*What you have to do*: Type out the lines below exactly, pictures excluded.

[Scraped caption text data]
= Beginning of Section =
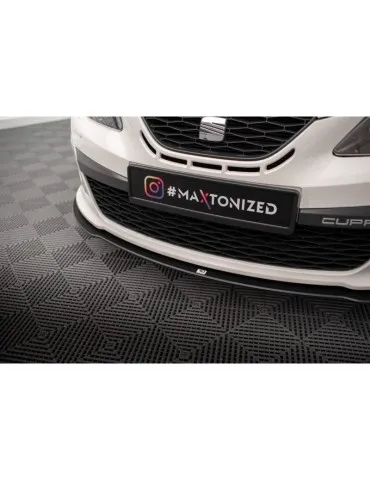 Gamme Street Pro Lame de Pare-chocs Avant SEAT IBIZA CUPRA sport Coupe Mk4 - Maxton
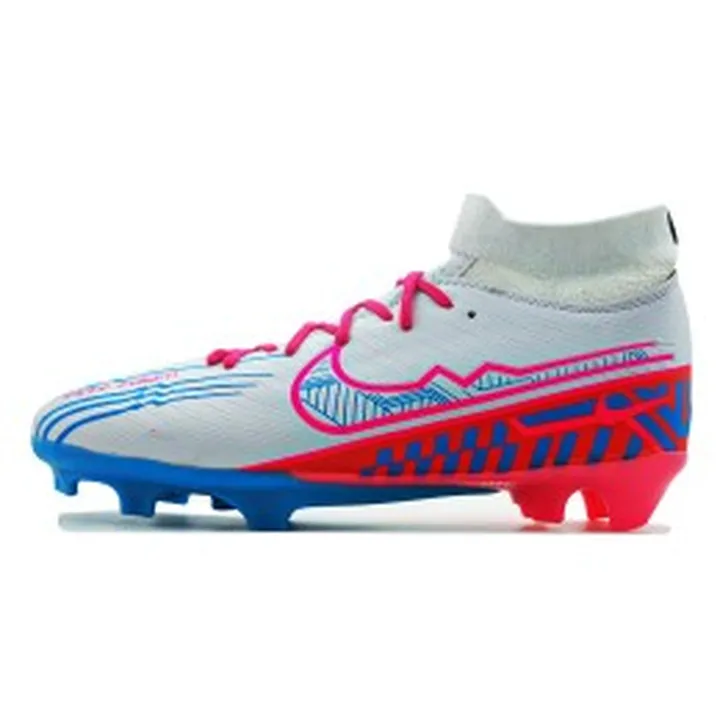 کفش فوتبال نایک مرکوریال ایرزوم Nike Mercurial Air Zoom White Pink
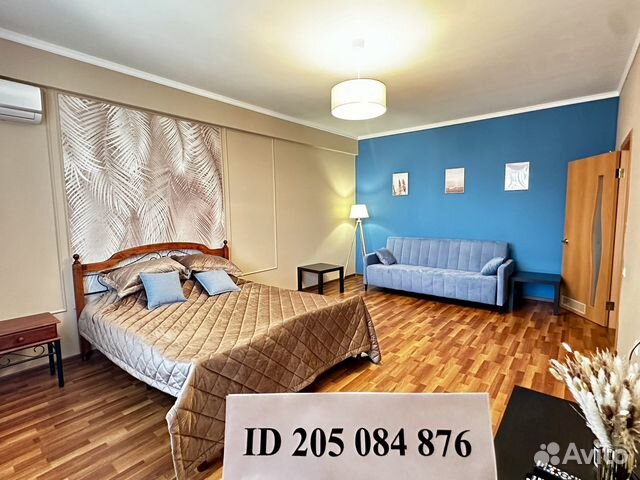 

1-к. квартира, 59,6 м², 3 кровати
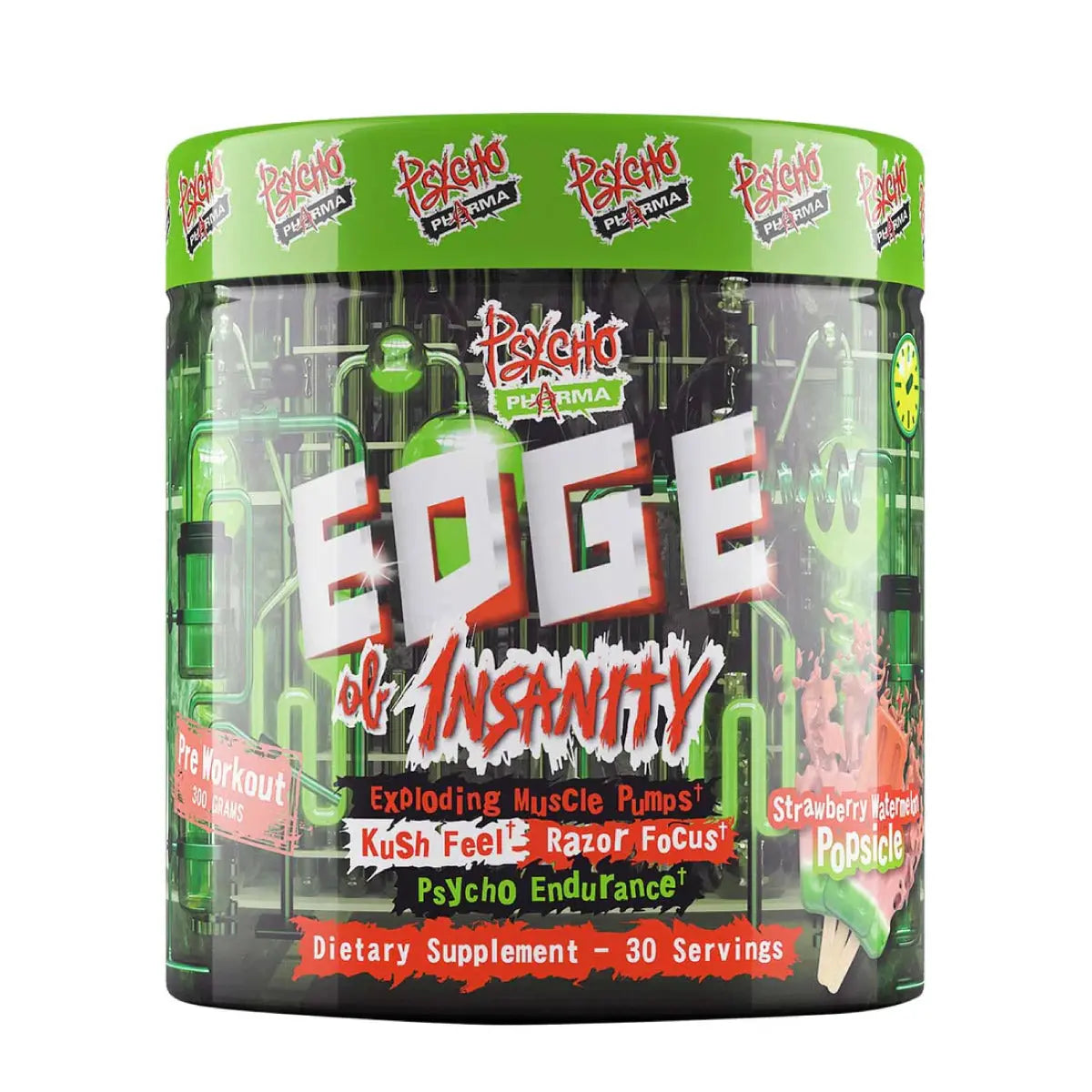 EDGE OF INSANITY PSYCO PHARMA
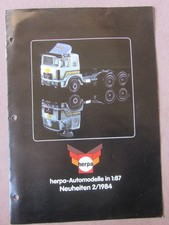 Vintage 1984 HERPA Auto Model
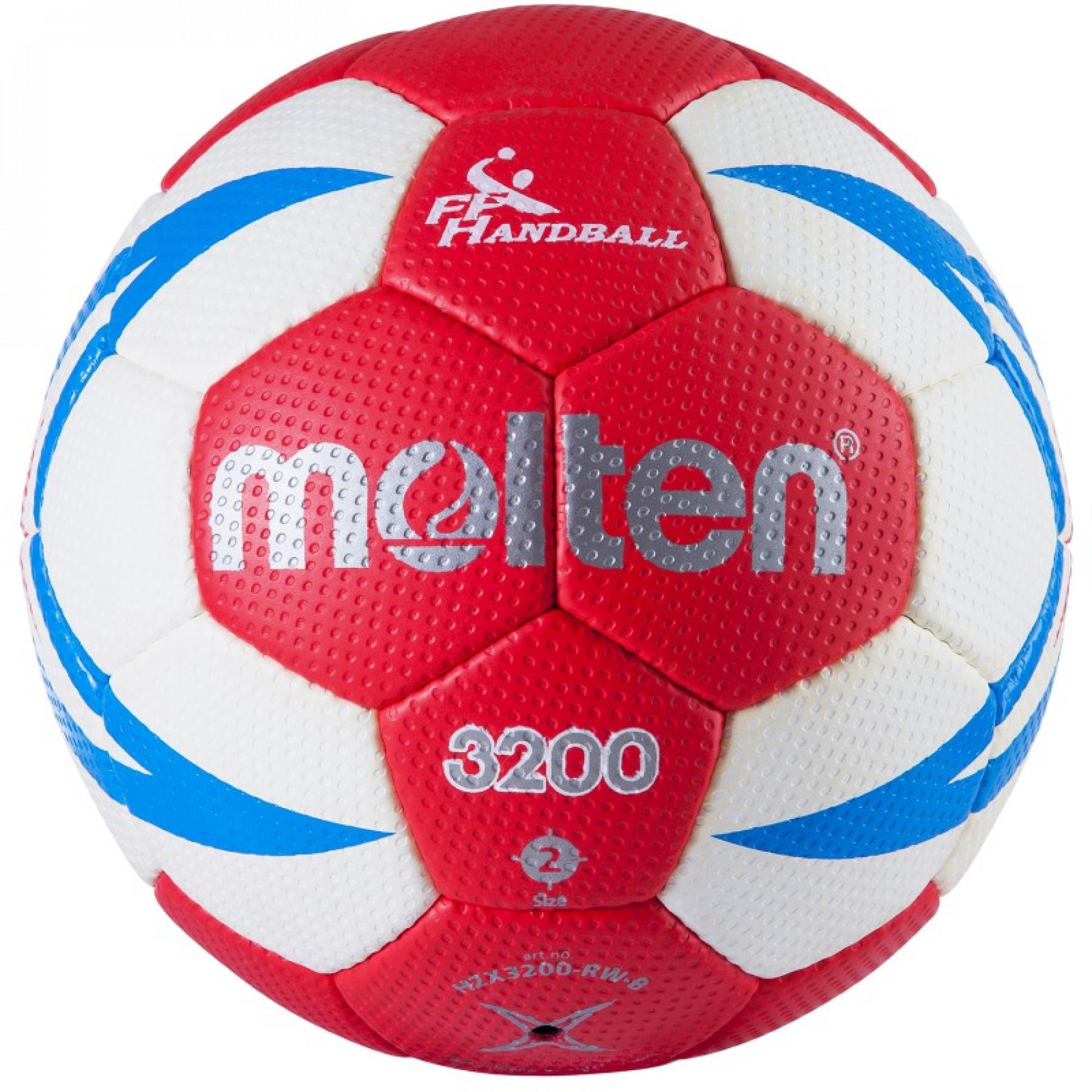 Pack of 10 training balls Molten HX3200 FFHB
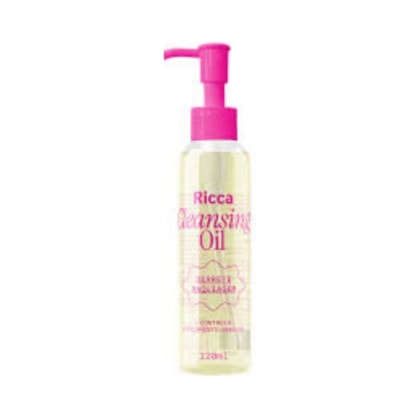 Ricca - Cleansing Oil Oleo De Limpeza Facial 120ml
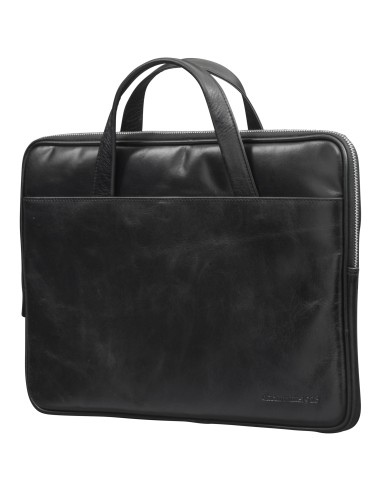 dbramante1928 Black borsa per notebook 38,1 cm (15") Valigetta ventiquattrore Nero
= End of Section =
*Response to this exercise*:
 Gamme Street Pro Lame de Pare-chocs Avant SEAT IBIZA CUPRA sport Coupe Mk4 - Maxton
 کفش فوتبال نایک مرکوریال ایرزوم Nike Mercurial Air Zoom White Pink

1-к. квартира, 59,6 м², 3 кровати
 EDGE OF INSANITY PSYCO PHARMA
 Vintage 1984 HERPA Auto Model
 Pack of 10 training balls Molten HX3200 FFHB
 Ricca - Cleansing Oil Oleo De Limpeza Facial 120ml
 dbramante1928 Black borsa per notebook 38,1 cm (15") Valigetta ventiquattrore Nero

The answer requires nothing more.